Moral Geography: Modan 2007

It's interesting to think about a place having moral geography (Hall). The way the place and its use reflect the moral landscape of the people who use it--and the kinds of assumptions they make about themselves and others based on their use of the space. She specifically speaks of how spaces become characterized, and characterizes Takoma Park in particular as "lesbian space" which I find interesting and may be useful to my own projects.

Gal refers to fractal recursivity, or the ability of the same distinctions to be mapped onto increasingly smaller and smaller or larger and larger domains, in that, for example, there might be the public space of the main street compared with the private space of the residential streets, but then on the residential streets the public space of the street vs. the private space of the houses, and in the houses, the public space of the front porch vs. the private space of the back, etc. etc.

One thing I find interesting is the creation of the city as heterogeneous space, which, as Modan points out, is not entirely valid, given that much of Mt.

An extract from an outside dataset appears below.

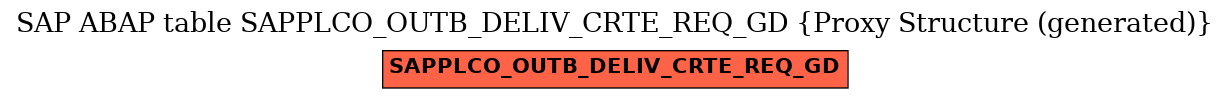 E-R Diagram for table SAPPLCO_OUTB_DELIV_CRTE_REQ_GD (Proxy Structure (generated))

Pleasant is made up of identical rowhouses built in large blocks, where really, any one person in the neighborhood is living in the same house as any number of her neighbors. Yet the suburbs are conceived as being homogeneous space in contrast to the heterogeneous space of the city--ethnically, architecturally, etc. This is an interesting thing to explore in terms of Takoma, because Takoma is a place where a rejection of the homogeneity is part of the ideologies of place that create Takoma; for example, the rejection of Subway and CVS, the feeling that CVS should not be a place that people see right away on Cedar St. when someone comes in.

An additional note: in this chapter, Modan looks at the cat-calling men in Pigeon Park in Mt. Pleasant and what they say to women who pass. I found some value in connecting this back to Marcyliena Morgan's work on Signifiying, and wonder how looking at this talk through Morgan's lens might be useful.